== INFORMATION SUPPLIED ==

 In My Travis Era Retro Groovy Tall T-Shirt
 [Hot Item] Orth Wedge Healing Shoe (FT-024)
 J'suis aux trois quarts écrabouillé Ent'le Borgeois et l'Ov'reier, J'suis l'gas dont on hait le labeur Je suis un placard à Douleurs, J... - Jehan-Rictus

===

● **EXERCISE DESCRIPTION**: From the data above, copy each line exactly.

● **EXERCISE OUTPUT**:
 In My Travis Era Retro Groovy Tall T-Shirt
 [Hot Item] Orth Wedge Healing Shoe (FT-024)
 J'suis aux trois quarts écrabouillé Ent'le Borgeois et l'Ov'reier, J'suis l'gas dont on hait le labeur Je suis un placard à Douleurs, J... - Jehan-Rictus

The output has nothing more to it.